Ii don't want to hear anyone else's music any more than I want to hear his/her cell phone conversation. Some people share both all too freely for my taste.

Herb of DC said...

Sadly I hear "music" like that with offensive lyrics on the streets of DC so much that I barely notice it any more.

lacochran said...

Narm, Bilbo: Perhaps you have the same neighbors?

Jamie: You make a good point.

Kate: But they *should*!

Mike: Makes sense. I will be reading you less.


Kate: And that's that.


SingLikeSassy: 4'11" and 117 pounds with a tire iron trumps any other size person. Sorry you went through that but I'm glad you put a stop to it.

Rs27: Think anyone would have noticed and done anything?

f.B: Thanks for sharing your perspective.

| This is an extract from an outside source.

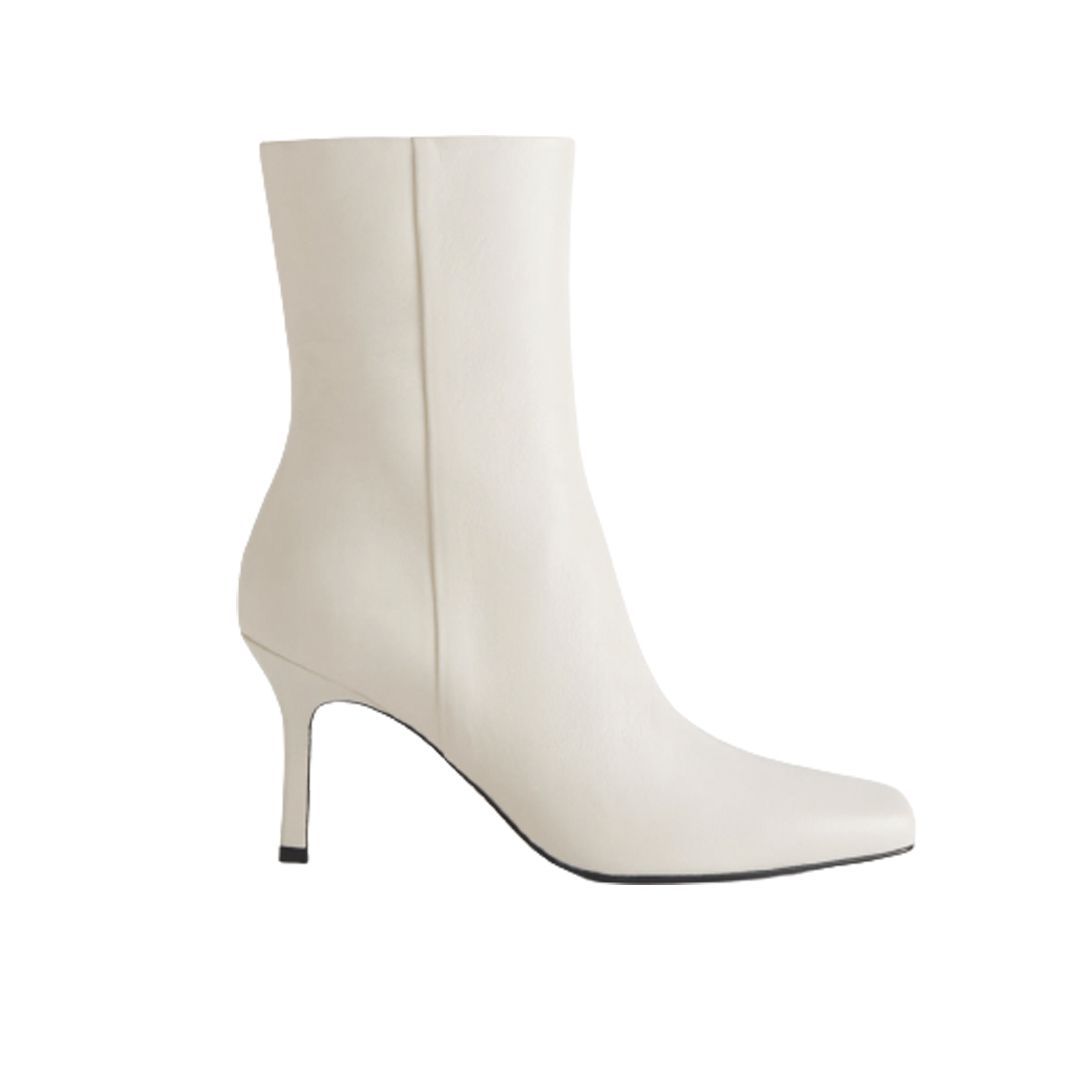 Leather on sale boots white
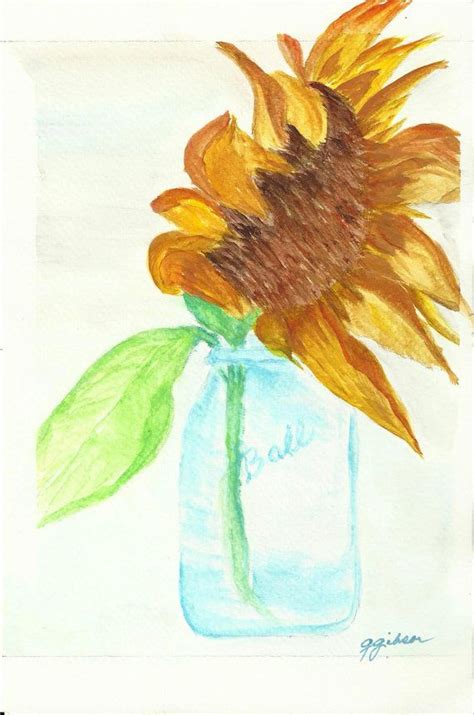 Sunflower In Blue Mason Jar Original Watercolor By Seasaltshop 2500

Gilahi: Seems like the Department of Education would disagree.

Barbara: I agree.

Her of DC: That *is* sad.

emma said...

I hate those situations! You are completely justified if you choose to speak up and say something. It is rude and offensive. Just know that 9 times out of 10, the person will not change his or her behaviour and may get aggressively defensive. I don't know about you but I'm a wimp. I'd rather just pump half a tank and go someplace else to fill it up.

Erin said...

How old was this person?

This reminds me of when I was 16 and always made sure that a cool song was thumping when I pulled up to a stoplight. Generally, I was rocking the George Michael, because I was that kind of rebel.

I'm guessing this person was enjoying the impression he (?) was creating for those around him, since he was 16 years old, either in age or maturity.

Sorry you were made to feel uncomfortable. At least it wasn't Wham Rap '88.

lacochran said...

Emma: Thanks for weighing in.

Erin: He may have been 16 or at most early 20s, I'd say. George Michael, rocking? Huh.